### STORED DATA
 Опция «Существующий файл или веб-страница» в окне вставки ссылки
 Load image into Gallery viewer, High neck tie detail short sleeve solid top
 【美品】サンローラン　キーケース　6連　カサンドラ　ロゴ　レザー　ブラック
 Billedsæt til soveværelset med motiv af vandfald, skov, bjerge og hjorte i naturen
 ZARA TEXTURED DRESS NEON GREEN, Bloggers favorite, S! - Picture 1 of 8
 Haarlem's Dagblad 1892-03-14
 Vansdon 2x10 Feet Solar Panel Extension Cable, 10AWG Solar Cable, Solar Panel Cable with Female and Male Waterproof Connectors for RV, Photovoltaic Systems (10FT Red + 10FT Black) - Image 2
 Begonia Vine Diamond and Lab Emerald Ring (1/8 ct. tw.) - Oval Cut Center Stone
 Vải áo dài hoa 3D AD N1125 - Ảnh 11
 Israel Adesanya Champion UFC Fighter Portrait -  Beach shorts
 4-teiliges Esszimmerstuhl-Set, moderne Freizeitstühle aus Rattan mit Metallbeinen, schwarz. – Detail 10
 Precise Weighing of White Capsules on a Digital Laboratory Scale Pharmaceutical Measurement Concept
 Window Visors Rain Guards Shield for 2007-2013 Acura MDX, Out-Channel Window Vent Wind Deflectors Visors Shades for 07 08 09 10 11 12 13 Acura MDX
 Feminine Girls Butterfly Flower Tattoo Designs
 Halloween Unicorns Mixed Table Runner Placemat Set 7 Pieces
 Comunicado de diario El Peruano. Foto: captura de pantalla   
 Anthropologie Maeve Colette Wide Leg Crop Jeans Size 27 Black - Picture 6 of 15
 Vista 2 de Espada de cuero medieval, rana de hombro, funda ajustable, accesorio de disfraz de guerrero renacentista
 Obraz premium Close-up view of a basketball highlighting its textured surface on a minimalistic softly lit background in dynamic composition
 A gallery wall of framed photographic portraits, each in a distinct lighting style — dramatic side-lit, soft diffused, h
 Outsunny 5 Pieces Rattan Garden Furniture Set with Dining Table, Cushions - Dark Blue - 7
######
TASK DETAILS:
In your answer, include only the lines above starting at the line that holds "ZARA TEXTURED DRESS" and ending at the line that holds "Begonia Vine Diamond", copied exactly.

EXERCISE SOLUTION:
 ZARA TEXTURED DRESS NEON GREEN, Bloggers favorite, S! - Picture 1 of 8
 Haarlem's Dagblad 1892-03-14
 Vansdon 2x10 Feet Solar Panel Extension Cable, 10AWG Solar Cable, Solar Panel Cable with Female and Male Waterproof Connectors for RV, Photovoltaic Systems (10FT Red + 10FT Black) - Image 2
 Begonia Vine Diamond and Lab Emerald Ring (1/8 ct. tw.) - Oval Cut Center Stone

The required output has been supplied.